One story, among many that could be told: in 1984, I visited a house he and his wife were renting, far out of his usual urban haunts in the woods beyond suburbia. He said, “You like Dylan, right?” I demurred, saying I’d quit listening so much to Bob since he went all Jesus-freaky. G, excitedly: “You gotta listen to this album. Guy from Dire Straits on guitar. You gotta listen to Infidels.” Sitting me down and beginning to roll joints, he made me listen until I was almost unable to find my way back into the city. (A great, and mostly unrepeatable album. We speculated on who Dylan was talking about in “Man of Peace.” I can’t think of many people with whom I could have had that conversation.)
He worked for years and years, toward the end, at our local university’s computer department, night shift (as I myself worked nights and often wound up meeting him at crazy hours to do a deal, have a beer, discuss war and finance), but they let him go just one year before he would have earned retirement pay.

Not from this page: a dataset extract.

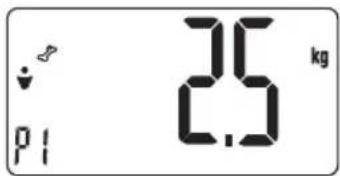 2.5 kg p1 C.3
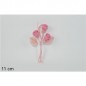 SPILLONE 3 ROSELLINE JUTA ROSA EAN 8034048368428 INGROSSO FIORI FINTI D'ARREDO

Never one to just say the hell with it, he sought out any kind of work he could find at the university – to fill up that gap of time, even with a great drop in pay, it would be so worth it – and the job with the special monkeys, feeding them and cleaning their stalls, became his way out.
“They’re pretty smart,” he would say, and then sheepishly admit that one Capuchin mother had torn through his protective glove. “I wear two pairs of gloves now.”
If he felt resentment at his employer – well, he had to. “They fire you and then your only option is to work with primate excrement for one year, like something in a fairy tale that scientists tell their kids each night or something – ”
Besides that, the monkeys were dangerous. “They told us that one of the preconditions of working there was this, that if certain of the monkeys bit us or scratched us, we might have to spend some time in quarantine.”
I was astounded. “So you could be bitten by one of your monkeys, get quarantined and be living in an undisclosed fucking location somewhere for weeks while they.”
G nodded, a thin half-smile on his face, and smoked his Kool.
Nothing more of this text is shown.